══ Records for the exercise
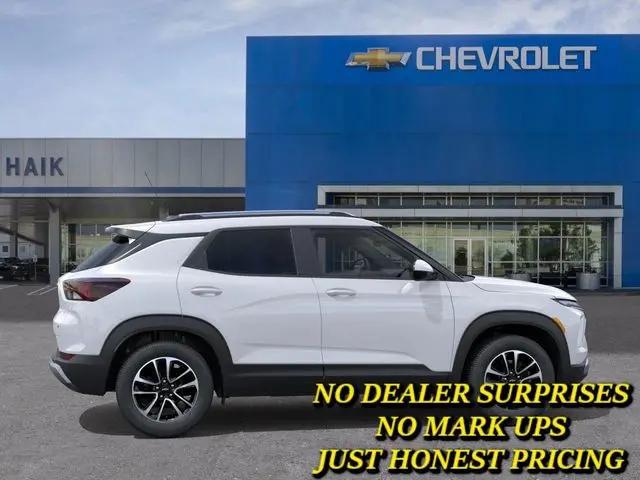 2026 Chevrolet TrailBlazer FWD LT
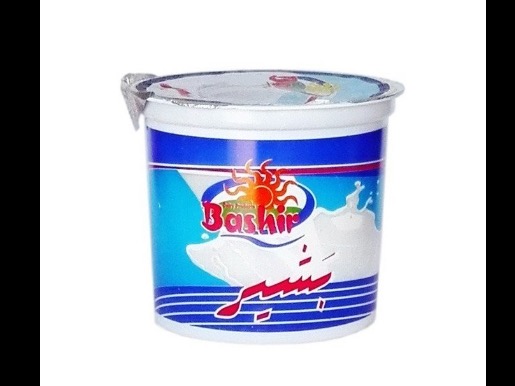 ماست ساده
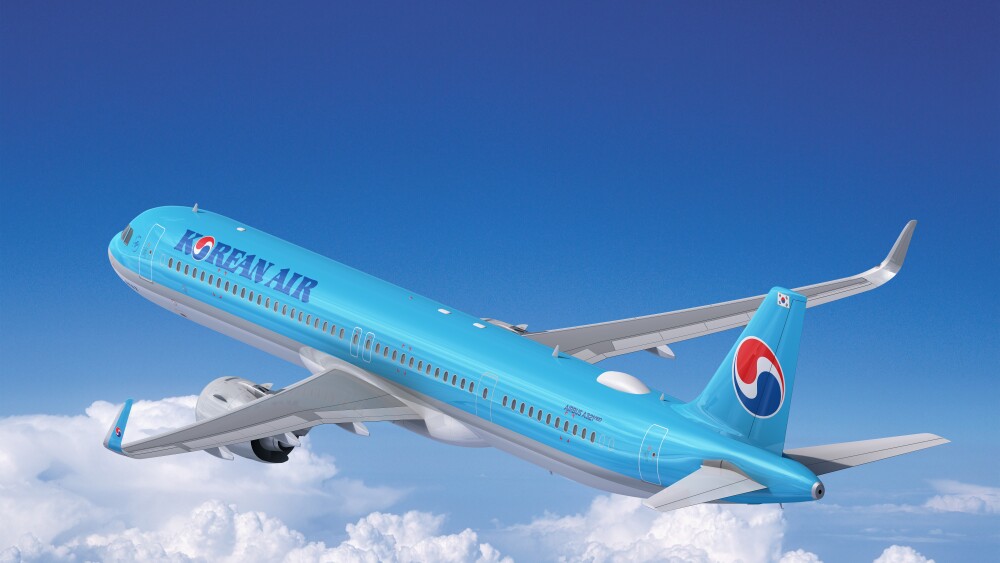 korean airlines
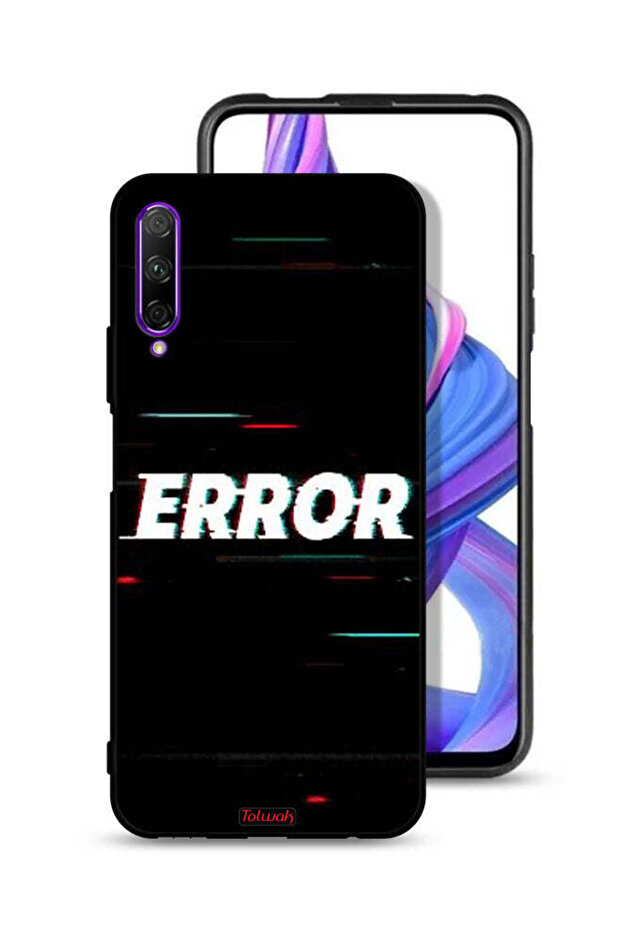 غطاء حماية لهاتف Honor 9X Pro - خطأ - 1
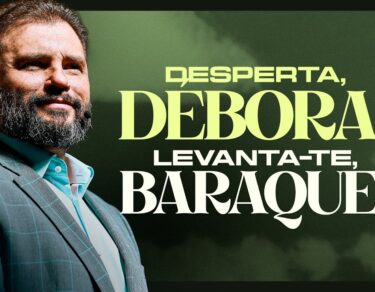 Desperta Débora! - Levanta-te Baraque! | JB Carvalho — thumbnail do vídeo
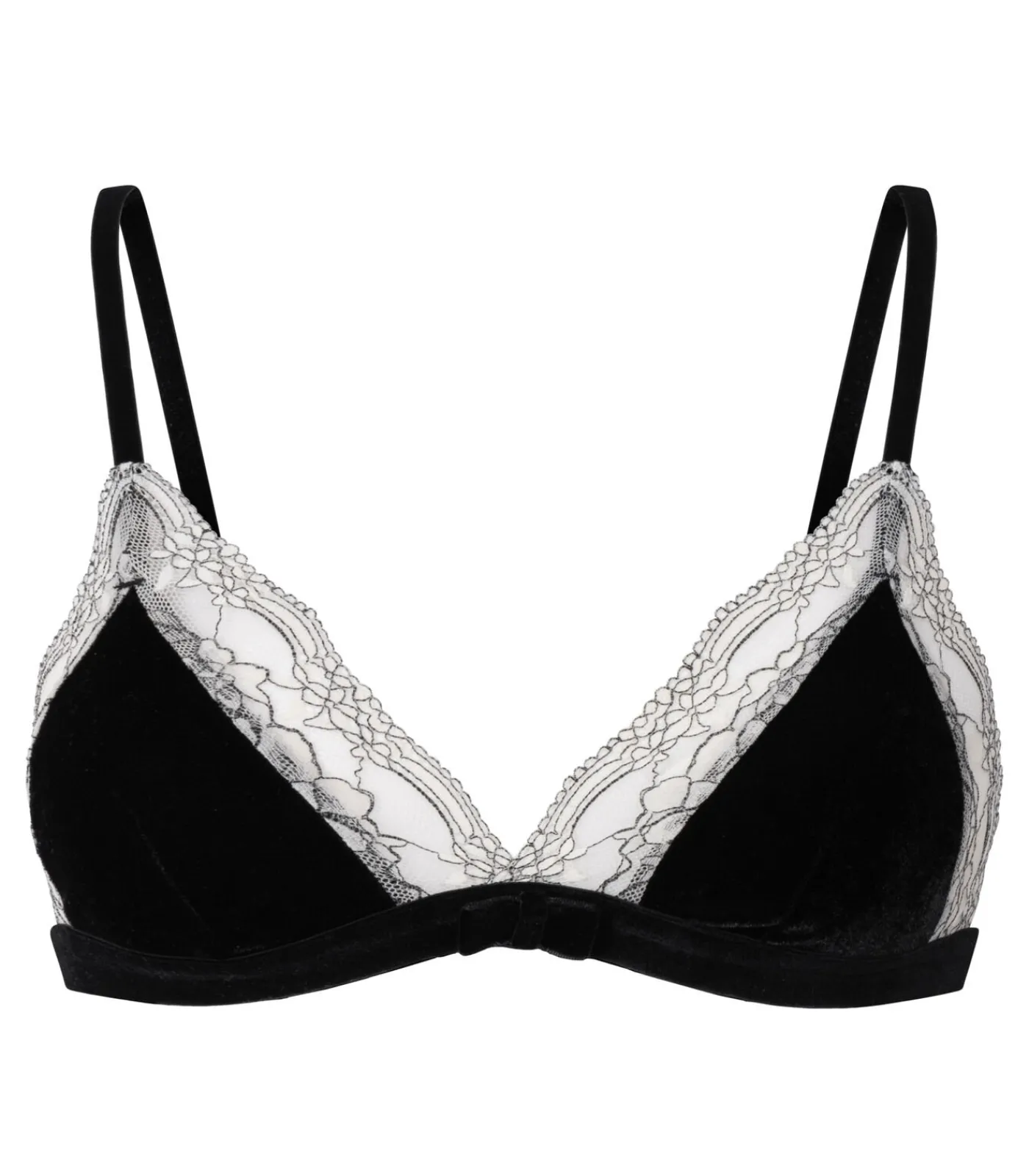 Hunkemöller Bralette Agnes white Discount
════
══ Records for the exercise
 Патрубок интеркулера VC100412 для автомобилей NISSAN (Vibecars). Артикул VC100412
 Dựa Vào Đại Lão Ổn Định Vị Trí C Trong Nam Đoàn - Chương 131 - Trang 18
════
- [What is required]: For the material above, give again only the lines starting at the line that contains "Desperta Débora! - Levanta-te" and ending at the line that contains "Hunkemöller Bralette Agnes white Discount". Pictures do not belong in the copy.

- [Answer below]:
 Desperta Débora! - Levanta-te Baraque! | JB Carvalho — thumbnail do vídeo
 Hunkemöller Bralette Agnes white Discount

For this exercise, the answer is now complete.